Straight out of film school, I landed my first job as a designer. In hindsight, it was Sydney in the mid 90s, and I was a wide-eyed 16-year-old surrounded by Aussie ad blokes spinning yarns about the good old days at Singo’s and Patts.

In reality, I was a glorified shit-kicker. My most important tasks were the lunch run and answering the phone. It paid $180 a week. After I paid for my lunches and bought a weekly train ticket, I had almost nothing left. My Mum helped me survive.

But I was learning invaluable stuff: the lost art of photo-lettering; how to use Photoshop from real-life guru Charles Mouyat; an appreciation for typography only gained from hand-lettering; learning to code HTML for fun; and above all, grit.

Meanwhile the internet was becoming a thing, and people wanted to pay me to make their websites. By 18, I had figured out that freelancing paid a lot more than $180 a week – but I still had a lot to learn about design.

In the 20 years since, I’ve worked in different companies, countries and industries. I’ve studied and practiced all kinds of design. I’ve made friends, mistakes and a lot of cool things. But no matter how much I think I know, there’s always more to learn.

Approach

As far back as I can remember, I’ve always been a maker and doer. I can’t imagine another way of thinking about the world besides solving problems, making things and seizing opportunities. It’s in my blood.
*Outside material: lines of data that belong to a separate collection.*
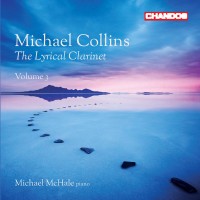 Purchase Michael Collins & Michael Mchale - The Lyrical Clarinet, Vol. 3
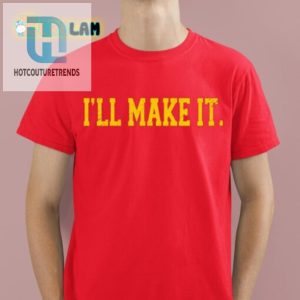 Score Laughs With The Unique Jimmy Chitwood Ill Make It Tee hotcouturetrends 1 1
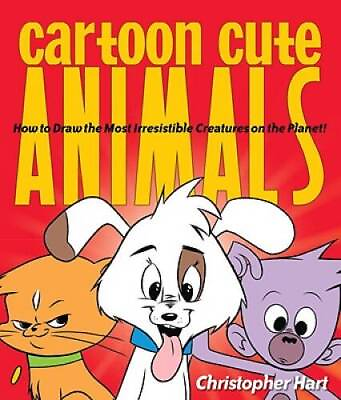 #ad Cartoon Cute Animals: How to Draw the Most Irresistible Creatures on the GOOD $4.74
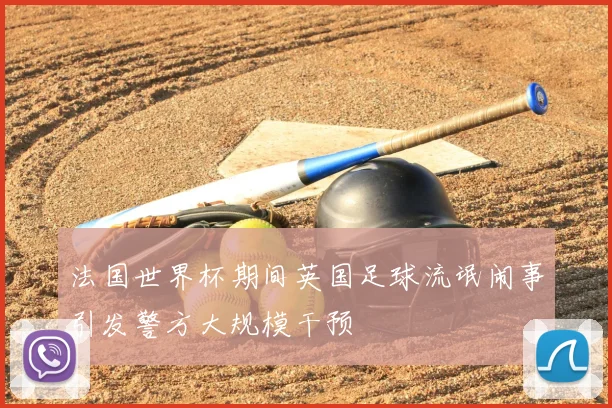 法国世界杯期间英国足球流氓闹事引发警方大规模干预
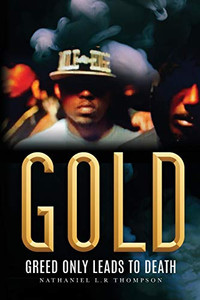 Gold: Greed Only Leads to Death Gold: Greed Only Leads to Death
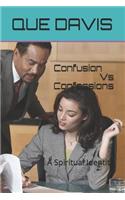 Confusions Vs Confessions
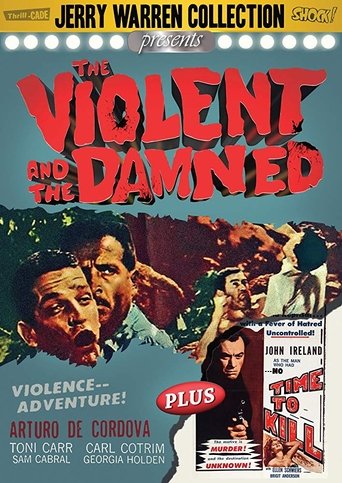 The Violent and the Damned Poster of The Violent and the Damned
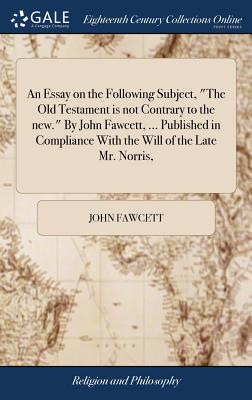 An Essay on the Following Subject, the Old Testament Is Not Contrary to the New. by John Fawcett, ... Published in Compliance with the Will of the Late Mr. Norris,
The first thing I do when presented with a brief, request or challenge is ask ‘Why?’. Why are we doing this? Why would people want this? Why does it matter? And then go and spend time with whomever I am making for.

Next, I use the tools at my disposal to craft beautiful stories and experiences. My specialisation – visual design – isn’t limited to logos and interfaces; visual design can be anything that brings a story to life – motion, VR, anything.

Finally, I roll up my sleeves and make stuff – as quickly as possible. Prototyping is an incredibly important part of the design process. It helps get what’s inside your head outside, and produces something tangible to test and evolve.

At Isobar, we call this mindset Invent. Make. Change. Using a human-centred approach, we use digital transformation to help our clients better interact with their customers through beautifully crafted marketing, products and ecosystems.

Highs and lows

As a 16-year-old, I never imagined where design could take me. I’ve worked across the world; met and worked with the smartest, most talented and inspiring people; and designed things that made people’s lives better.

But I didn’t always feel proud of calling myself a designer. For years, I did everything I could to ditch the title. I hated being called the D-word – I desperately wanted to be recognised as a ‘creative’ – an art director or writer.

One straw that almost broke the camel’s back was a boss who told me he’d never seen me do anything creative. What I lacked in creativity, I made up for in spunk – I quit on the spot. That day, I learnt a valuable lesson about the type of leader I didn’t want to be.

I nearly gave up a few times, but I always came back to solving problems, making things and seizing opportunities. Eventually I realised the reason people kept calling me a designer because I am one. My one regret is that I didn’t embrace it sooner.

I’m glad I hung in there, because design has never been more important. Every day, we get to invent and make beautiful, useful solutions that deliver change and value for people and businesses. It doesn’t get much better than that.

Dos and Don’ts

There are no roadmaps for the future – we’re making it up as we go along. Don’t feel obligated to follow people just because they say they know what they’re doing – it’s up to you to invent, make and change the kind of world you want to be part of.